I want to calculate the area bounded by the curves $f(x) = x \cos^2(x)$ and $g(x) = x$.
To find the points of intersection, I set $f(x)= g(x)$.
$$\begin{aligned}x\cos^2(x)&= x\\ x\cos^2(x)-x&= 0\\ x[cos^2(x)-1] &= 0\\ x[\cos(x)-1]\cdot[\cos(x)+1] &= 0\end{aligned}$$
I find as intersections $x = k \pi$ , with $k \in \mathbb{Z}$.
My issue is that there are no clear boundaries for this function (periodical so with a lot of intersections between curves), so I don't know what the bounds $a$ and $b$ of the integral are supposed to be. (None were given in the questions)

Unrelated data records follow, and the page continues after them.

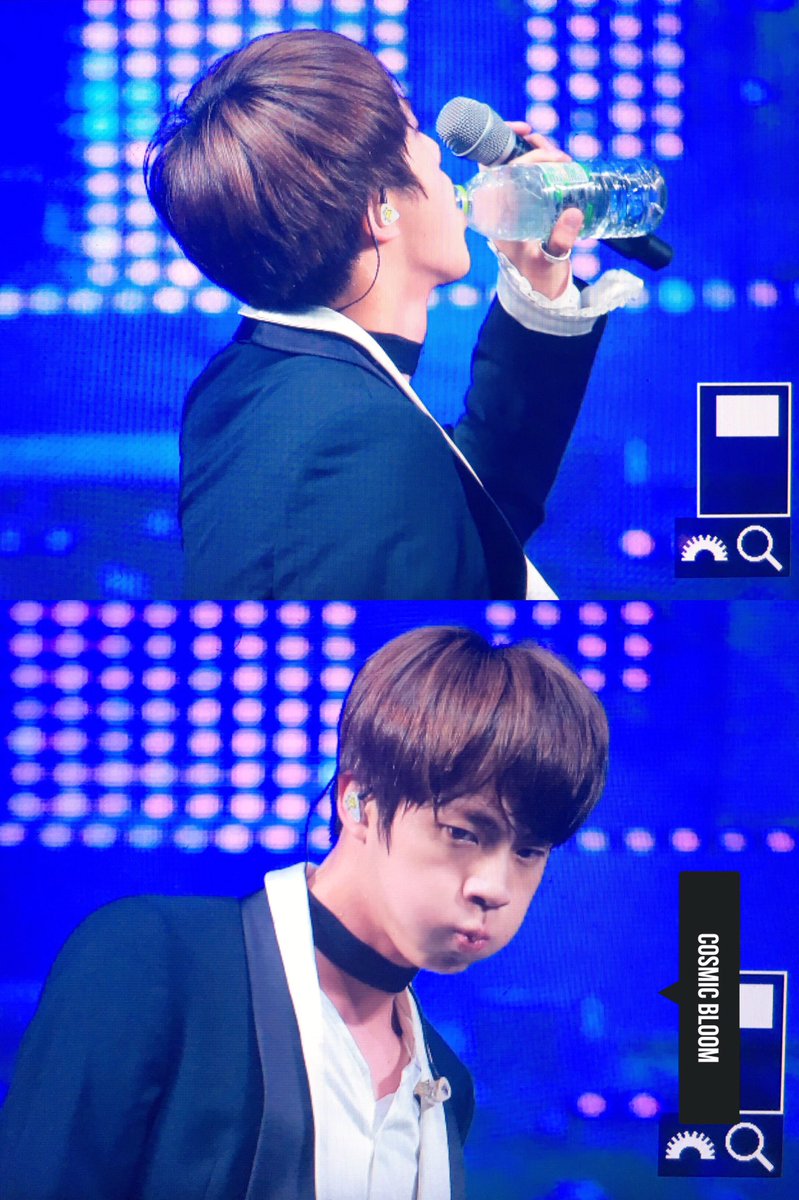 921204net's tweet photo. 161222 논산 #석진 #진 @BTS_twt https://t.co/hIhK6k8Mdn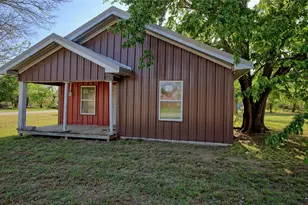 601 Baylor St, Nocona, TX 76255 - Photo 13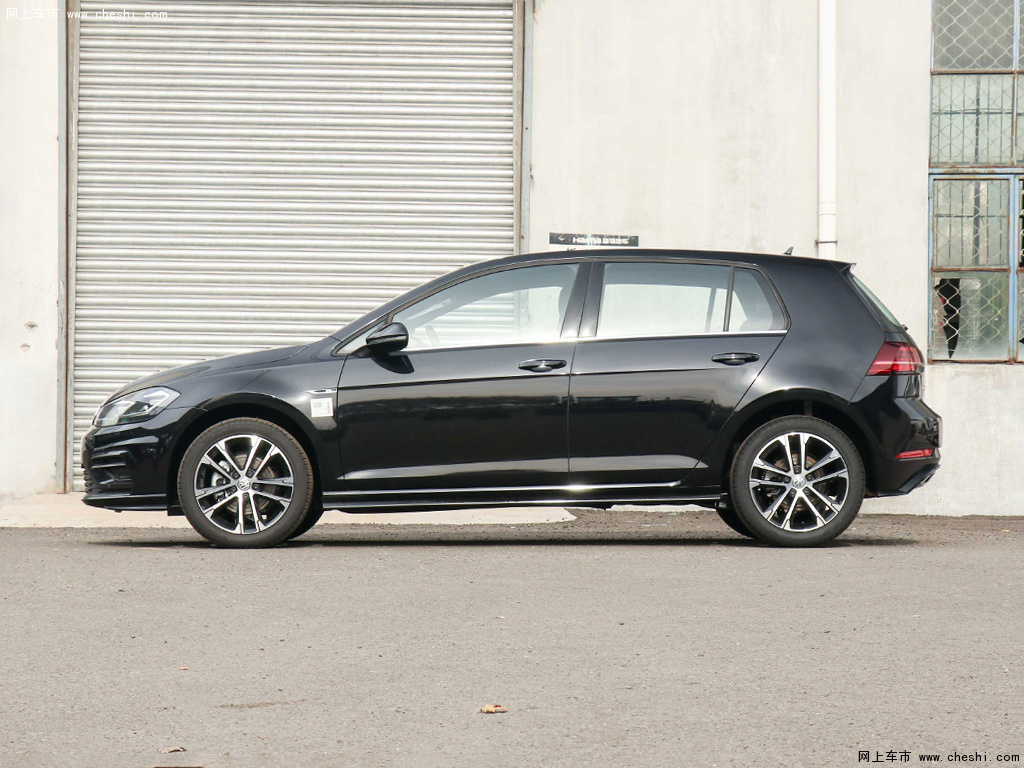 锰石黑高尔夫 2019款 280tsi dsg r-line型国vi外观整体图片(8/8)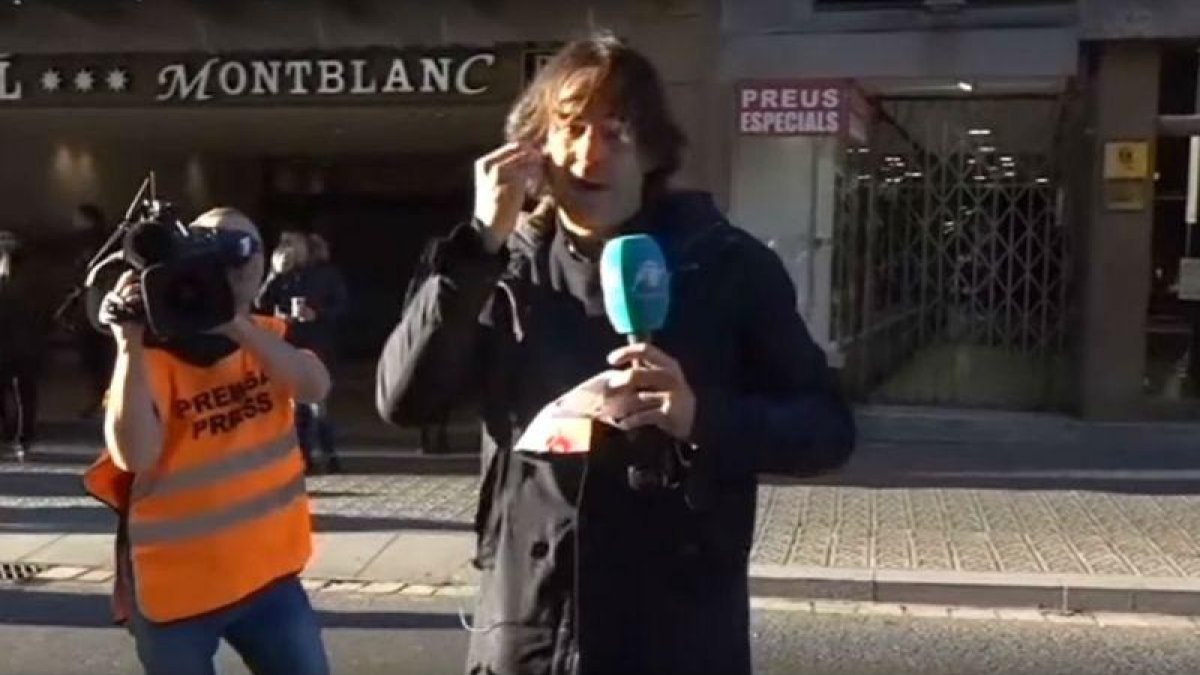 El periodista Cake Minuesa, después de la agresión.-INTERECONOMÍA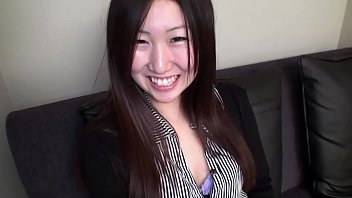 ビッチな素人三十路熟女が中出しファックで絡み合う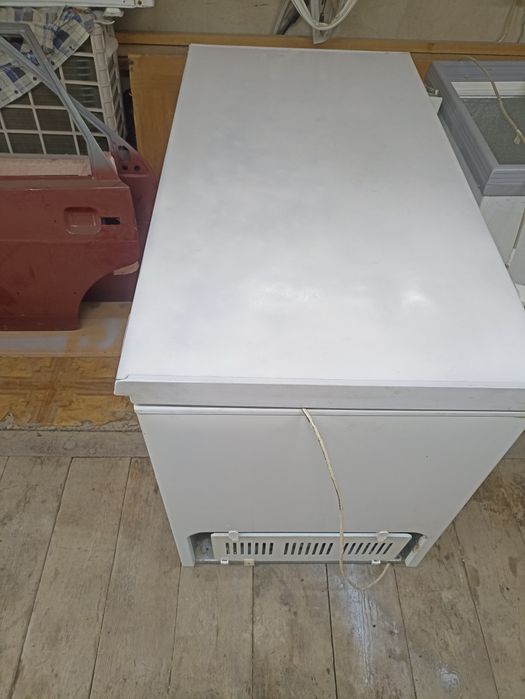 Продам морозильник
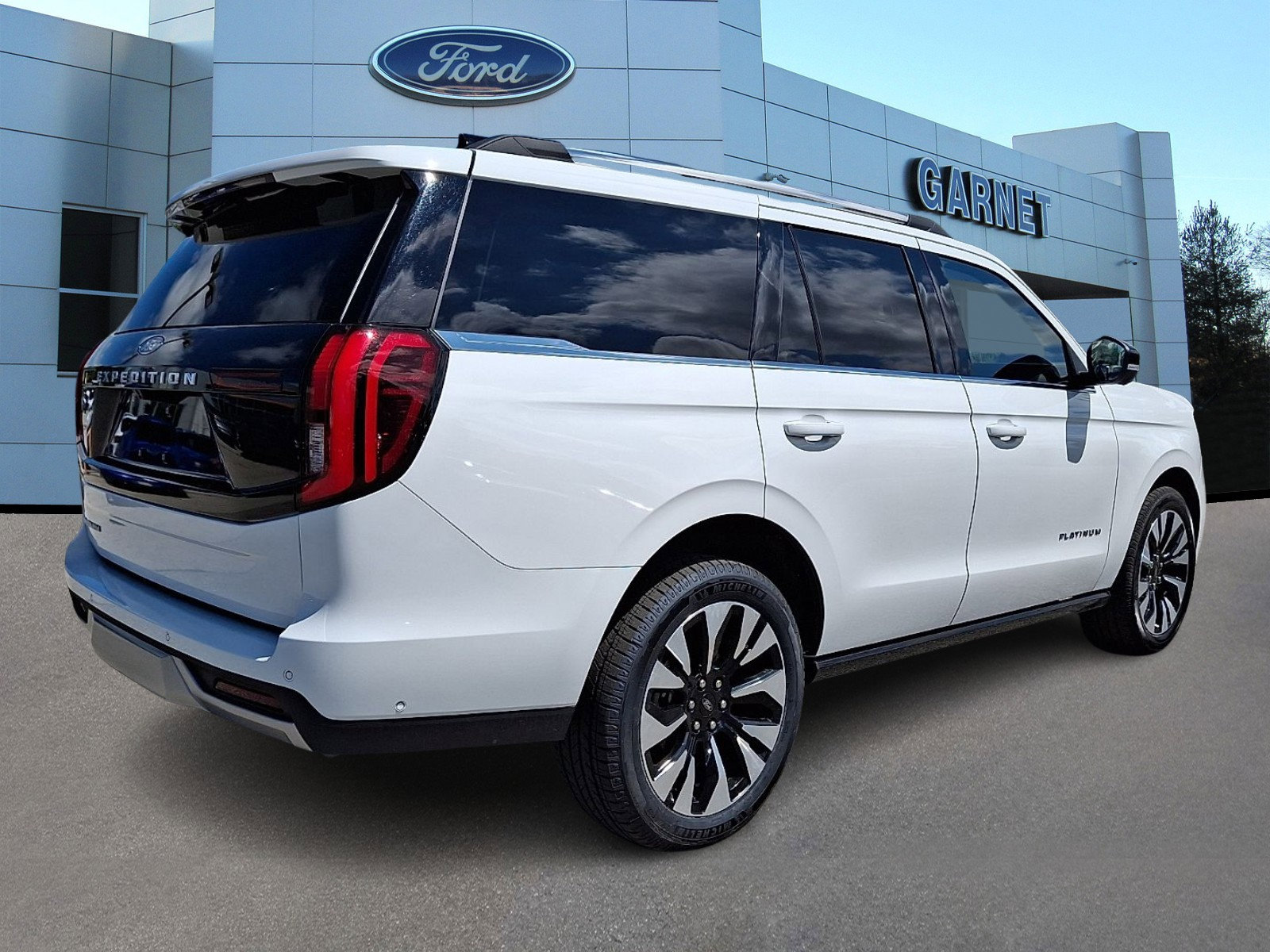 Certified 2025 Ford Expedition Platinum w/ Driver's Package AWD/4WD image 8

The value of the integral is $$\frac{1}{8} (\cos(2 x) + 2 x (-x + \sin(2 x))) $$
The area you are seeking does not exist as a real number (if even the negative integrals in the $(-\infty,0]$ region are turned to positive), rather the integral which represents the area you are looking for diverges. Note that, if $A$ is the area, \begin{align} A &= \lim_{t \to +\infty}-{\int_{-t}^{0}{x(1-\cos^2{x})\mathrm{d}x}+\int_0^t{x(1-\cos^2{x})\mathrm{d}x}} \\ &= -\int_{-\infty}^{0}{x(1-\cos^2{x})\mathrm{d}x}+\int_0^{+\infty}{x(1-\cos^2{x})\mathrm{d}x} \\ &=2\int_0^{+\infty}{x(1-\cos^2{x})\ \mathrm{d}x} \\ &= \int_0^{+\infty}{x(1-\cos{2x})}\mathrm{d}x \\ &= \int_0^{+\infty}{x \ \mathrm{d}x} \ - \int_0^{+\infty}{x\cos{2x} \ \mathrm{d}x} \\ &= \frac{x^2}{2}-\frac{x\sin{2x}}{2}-\frac{\cos{2x}}{4}\Biggr|_0^{+\infty} \\ &= \lim_{x \to +\infty}\left(\frac{x^2}{2}-\frac{x\sin{2x}}{2}-\frac{\cos{2x}}{4}\right) + 1\rightarrow+\infty\end{align} as $-1 \leq \sin{x}, \cos{x} \leq 1$ so the limit diverges. If you are still not convinced, see that the integral can be written as: \begin{align} A &= 2\int_0^{+\infty}{x(1-\cos^2{x})\mathrm{d}x} \\ &= {\sum_{k =0}^{+\infty}{\int_{k\pi}^{(k+1)\pi}}{x(1-\cos^2{x})\mathrm{d}x}} \\ &=\sum_{k=0}^{+\infty}{\Biggr[\frac{x^2}{2}-\frac{x\sin{2x}}{2}-\frac{\cos{2x}}{4}+1\Biggr]_{k\pi}^{(k+1)\pi}} \\ &= \sum_{k=0}^{+\infty}{\frac{(2k+1)\pi^2}{2}} \end{align} for $k \in \mathbb{Z}$ which also obviously diverges (and now you can even terminate at a partial sum and find the of a section). If the teacher wanted you to just find the integral (which isn't really the area in this case): \begin{align} I=\int_{-\infty}^{+\infty}{x(1-\cos^2{x})\mathrm{d}x}=0 \end{align} since $f(x)=x(1-\cos^2{x})$ is an odd function.